START DATA FOR REVIEW
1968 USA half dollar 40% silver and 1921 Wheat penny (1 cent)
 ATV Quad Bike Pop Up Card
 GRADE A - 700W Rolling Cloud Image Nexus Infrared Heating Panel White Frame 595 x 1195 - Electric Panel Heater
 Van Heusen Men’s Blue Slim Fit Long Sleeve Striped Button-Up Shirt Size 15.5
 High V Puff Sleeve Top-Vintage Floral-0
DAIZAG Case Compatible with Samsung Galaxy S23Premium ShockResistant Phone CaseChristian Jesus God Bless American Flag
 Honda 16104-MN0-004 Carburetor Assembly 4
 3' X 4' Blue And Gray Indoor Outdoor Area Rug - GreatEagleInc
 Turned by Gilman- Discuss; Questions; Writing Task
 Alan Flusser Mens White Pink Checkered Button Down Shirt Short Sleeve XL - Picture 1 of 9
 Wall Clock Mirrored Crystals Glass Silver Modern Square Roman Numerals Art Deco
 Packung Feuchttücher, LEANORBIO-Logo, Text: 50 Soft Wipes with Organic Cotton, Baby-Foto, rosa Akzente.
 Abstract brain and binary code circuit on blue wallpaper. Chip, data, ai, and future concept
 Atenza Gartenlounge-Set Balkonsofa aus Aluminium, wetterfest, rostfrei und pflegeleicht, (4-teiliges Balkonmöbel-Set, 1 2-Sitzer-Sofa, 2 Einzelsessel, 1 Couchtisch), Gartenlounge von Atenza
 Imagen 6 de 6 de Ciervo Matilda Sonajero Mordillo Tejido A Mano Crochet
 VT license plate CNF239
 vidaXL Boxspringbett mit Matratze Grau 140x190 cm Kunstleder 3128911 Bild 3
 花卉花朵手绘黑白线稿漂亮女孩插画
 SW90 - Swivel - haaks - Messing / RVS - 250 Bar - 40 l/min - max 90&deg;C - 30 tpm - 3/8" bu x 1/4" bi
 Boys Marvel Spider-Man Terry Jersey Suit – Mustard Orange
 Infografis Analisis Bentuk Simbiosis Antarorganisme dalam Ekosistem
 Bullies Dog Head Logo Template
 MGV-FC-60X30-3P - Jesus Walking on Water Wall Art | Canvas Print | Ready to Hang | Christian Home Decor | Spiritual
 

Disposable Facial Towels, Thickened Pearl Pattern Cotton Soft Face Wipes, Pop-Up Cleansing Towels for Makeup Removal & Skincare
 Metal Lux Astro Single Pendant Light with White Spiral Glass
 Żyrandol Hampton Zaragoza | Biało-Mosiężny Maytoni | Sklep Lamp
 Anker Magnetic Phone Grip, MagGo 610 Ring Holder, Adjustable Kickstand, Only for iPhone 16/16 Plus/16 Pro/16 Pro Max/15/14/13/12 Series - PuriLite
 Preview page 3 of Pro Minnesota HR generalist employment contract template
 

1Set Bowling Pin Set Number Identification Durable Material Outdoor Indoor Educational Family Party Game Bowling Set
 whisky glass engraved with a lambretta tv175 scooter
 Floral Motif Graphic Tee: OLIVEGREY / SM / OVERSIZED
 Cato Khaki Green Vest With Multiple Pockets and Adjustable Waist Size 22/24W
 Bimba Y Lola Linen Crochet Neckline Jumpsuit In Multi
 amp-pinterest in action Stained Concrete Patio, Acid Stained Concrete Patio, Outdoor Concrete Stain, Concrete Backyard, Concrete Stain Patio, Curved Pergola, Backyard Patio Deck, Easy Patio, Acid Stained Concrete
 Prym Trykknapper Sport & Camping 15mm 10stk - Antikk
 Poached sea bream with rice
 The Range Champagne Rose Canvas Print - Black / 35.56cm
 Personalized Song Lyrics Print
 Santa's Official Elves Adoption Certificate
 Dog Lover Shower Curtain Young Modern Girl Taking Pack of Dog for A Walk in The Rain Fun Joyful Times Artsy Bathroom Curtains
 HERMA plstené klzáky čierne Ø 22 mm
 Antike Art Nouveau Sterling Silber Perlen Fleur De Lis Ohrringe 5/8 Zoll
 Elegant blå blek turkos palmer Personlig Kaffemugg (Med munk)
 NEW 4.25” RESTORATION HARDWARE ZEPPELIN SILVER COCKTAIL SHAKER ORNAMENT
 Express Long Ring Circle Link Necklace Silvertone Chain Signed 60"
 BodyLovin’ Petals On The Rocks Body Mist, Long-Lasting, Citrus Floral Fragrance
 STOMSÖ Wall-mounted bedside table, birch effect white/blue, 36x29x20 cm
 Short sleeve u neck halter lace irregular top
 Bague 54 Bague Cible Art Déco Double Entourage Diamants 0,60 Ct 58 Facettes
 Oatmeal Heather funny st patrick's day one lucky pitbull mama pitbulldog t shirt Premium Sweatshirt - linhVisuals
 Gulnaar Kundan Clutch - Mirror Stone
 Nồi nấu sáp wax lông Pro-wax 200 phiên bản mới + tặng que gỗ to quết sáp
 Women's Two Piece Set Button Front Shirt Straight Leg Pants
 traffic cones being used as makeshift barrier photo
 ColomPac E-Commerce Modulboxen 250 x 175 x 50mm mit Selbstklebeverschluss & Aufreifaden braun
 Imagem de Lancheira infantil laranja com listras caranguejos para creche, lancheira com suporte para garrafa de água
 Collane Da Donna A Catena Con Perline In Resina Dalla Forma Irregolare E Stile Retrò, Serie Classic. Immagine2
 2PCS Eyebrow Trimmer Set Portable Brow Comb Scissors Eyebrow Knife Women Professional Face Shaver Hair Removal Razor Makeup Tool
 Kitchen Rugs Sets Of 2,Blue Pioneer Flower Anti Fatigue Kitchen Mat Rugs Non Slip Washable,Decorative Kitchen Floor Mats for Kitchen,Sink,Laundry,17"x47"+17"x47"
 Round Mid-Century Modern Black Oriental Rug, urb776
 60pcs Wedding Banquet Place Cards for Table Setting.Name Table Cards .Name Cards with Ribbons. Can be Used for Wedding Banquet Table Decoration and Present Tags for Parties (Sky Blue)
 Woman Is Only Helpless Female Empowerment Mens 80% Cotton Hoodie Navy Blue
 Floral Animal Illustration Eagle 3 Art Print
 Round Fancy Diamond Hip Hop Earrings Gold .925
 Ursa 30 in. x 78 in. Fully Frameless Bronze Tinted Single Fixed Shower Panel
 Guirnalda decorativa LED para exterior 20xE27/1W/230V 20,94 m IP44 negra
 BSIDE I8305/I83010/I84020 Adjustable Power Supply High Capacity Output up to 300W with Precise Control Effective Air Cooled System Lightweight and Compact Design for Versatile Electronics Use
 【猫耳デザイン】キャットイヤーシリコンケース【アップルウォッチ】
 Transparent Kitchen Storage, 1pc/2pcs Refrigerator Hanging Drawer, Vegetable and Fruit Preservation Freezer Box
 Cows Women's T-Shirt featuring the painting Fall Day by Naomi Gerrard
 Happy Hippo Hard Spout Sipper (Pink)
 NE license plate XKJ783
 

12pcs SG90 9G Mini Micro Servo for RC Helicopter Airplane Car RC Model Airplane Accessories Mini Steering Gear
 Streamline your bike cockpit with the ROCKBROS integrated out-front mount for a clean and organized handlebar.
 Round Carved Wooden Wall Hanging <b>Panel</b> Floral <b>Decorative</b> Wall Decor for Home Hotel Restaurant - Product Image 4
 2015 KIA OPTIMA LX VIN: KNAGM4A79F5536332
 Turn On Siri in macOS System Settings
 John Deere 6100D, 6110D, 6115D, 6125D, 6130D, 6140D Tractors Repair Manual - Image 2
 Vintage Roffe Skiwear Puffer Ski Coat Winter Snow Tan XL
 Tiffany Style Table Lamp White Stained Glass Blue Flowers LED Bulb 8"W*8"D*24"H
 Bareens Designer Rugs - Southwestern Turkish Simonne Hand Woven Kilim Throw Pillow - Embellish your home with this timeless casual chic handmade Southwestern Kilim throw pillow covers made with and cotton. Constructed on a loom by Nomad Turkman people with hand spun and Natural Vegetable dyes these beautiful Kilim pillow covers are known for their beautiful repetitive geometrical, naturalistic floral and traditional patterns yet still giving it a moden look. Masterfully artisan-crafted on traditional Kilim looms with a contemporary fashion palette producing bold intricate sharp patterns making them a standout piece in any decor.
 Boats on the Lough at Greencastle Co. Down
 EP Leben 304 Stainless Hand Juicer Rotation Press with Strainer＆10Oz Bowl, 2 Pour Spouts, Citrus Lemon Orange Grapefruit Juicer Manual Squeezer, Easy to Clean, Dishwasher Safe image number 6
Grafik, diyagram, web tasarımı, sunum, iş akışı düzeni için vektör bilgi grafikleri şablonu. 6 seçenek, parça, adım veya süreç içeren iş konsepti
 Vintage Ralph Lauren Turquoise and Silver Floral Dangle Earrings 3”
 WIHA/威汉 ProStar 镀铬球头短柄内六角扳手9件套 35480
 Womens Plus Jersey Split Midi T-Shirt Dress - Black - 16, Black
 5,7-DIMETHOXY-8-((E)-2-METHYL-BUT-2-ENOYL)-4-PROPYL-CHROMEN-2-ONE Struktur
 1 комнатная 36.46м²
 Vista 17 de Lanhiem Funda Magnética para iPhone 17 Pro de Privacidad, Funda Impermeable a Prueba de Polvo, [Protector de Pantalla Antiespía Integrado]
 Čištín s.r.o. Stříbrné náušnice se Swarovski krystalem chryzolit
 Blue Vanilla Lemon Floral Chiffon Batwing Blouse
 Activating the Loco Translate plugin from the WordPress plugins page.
END DATA FOR REVIEW
PROBLEM STATEMENT.
Quote exactly the lines running from the start of the listing above through the line where "Turned by Gilman- Discuss;" is found, and output no other lines.

WRITTEN RESPONSE.
1968 USA half dollar 40% silver and 1921 Wheat penny (1 cent)
 ATV Quad Bike Pop Up Card
 GRADE A - 700W Rolling Cloud Image Nexus Infrared Heating Panel White Frame 595 x 1195 - Electric Panel Heater
 Van Heusen Men’s Blue Slim Fit Long Sleeve Striped Button-Up Shirt Size 15.5
 High V Puff Sleeve Top-Vintage Floral-0
DAIZAG Case Compatible with Samsung Galaxy S23Premium ShockResistant Phone CaseChristian Jesus God Bless American Flag
 Honda 16104-MN0-004 Carburetor Assembly 4
 3' X 4' Blue And Gray Indoor Outdoor Area Rug - GreatEagleInc
 Turned by Gilman- Discuss; Questions; Writing Task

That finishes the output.